Marshall School’s Lloyd Greif Center for Entrepreneurial Studies at USC was ranked No. 1 among graduate entrepreneurship programs by The Princeton Review and Entrepreneur magazine. But it looks like the latest examples of campus enterprise are emerging from the infamous “Frat Row.”

“We specialize in organizing events at some of Los Angeles’ most acclaimed locations for college students and recent alumni – giving them the opportunity to live the Hollywood experience without the Hollywood crowds or attitudes,” student-owned and operated business, 28 Entertainment, claims.

It is one of the many businesses headed up by 20-somethings armed with contracts and a marketing plan. The company’s history dates back to 1999, when students got together and threw parties for the USC community.

After a successful year, they decided to pick younger classmen to carry on the tradition. The company has remained in the hands of undergraduate students like current senior-partners Ryan Abboushi and Christian Meier.

CW Nightlife is another up ’n’ coming party-planning business founded by two sophomore AEPi brothers, Seth Cohen and Spencer Wampole, who aim to bring the USC community together and give people a chance to get out and have a good time. What differentiates it from competing companies is that their parties are geared toward all college students (18+), not just Trojans.

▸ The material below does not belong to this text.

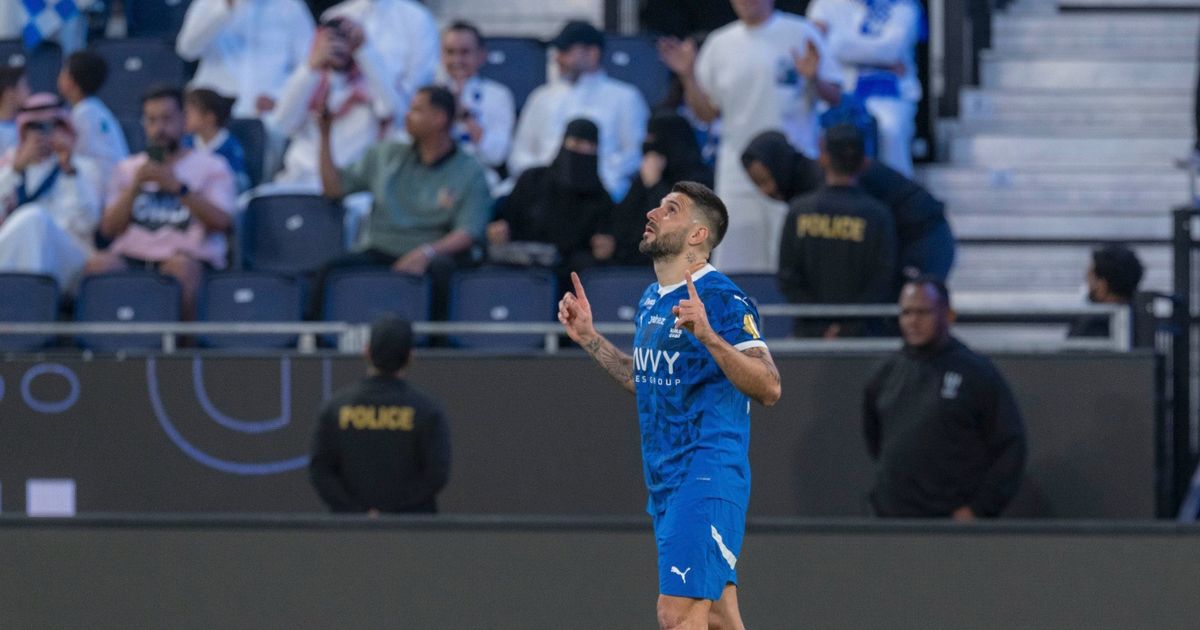ميتروفيتش "يغادر الهلال بالتراضي" إلى الريان القطري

CW Nightlife has promoters at LMU and other universities to bring in crowds from nearby areas. It threw its first party two weeks ago with over 750 students trying to squeeze their way into Sugar nightclub, but only about 300 were from USC.

Another entrepreneur proudly calls himself a member of the Greek community. Jaspar Weir, a senior in AEPi, founded MW Entertainment LLC in 2005, specializing in nightclub promotions for students.

“I used to organize weekly events for high school age kids,” Weir says. “But I expanded to target USC students. I’ve learned organization, management, how to negotiate and how to deal with people. The hardest part is that no matter how much work you put in, there’s always more to do. You’re on the job at all times.”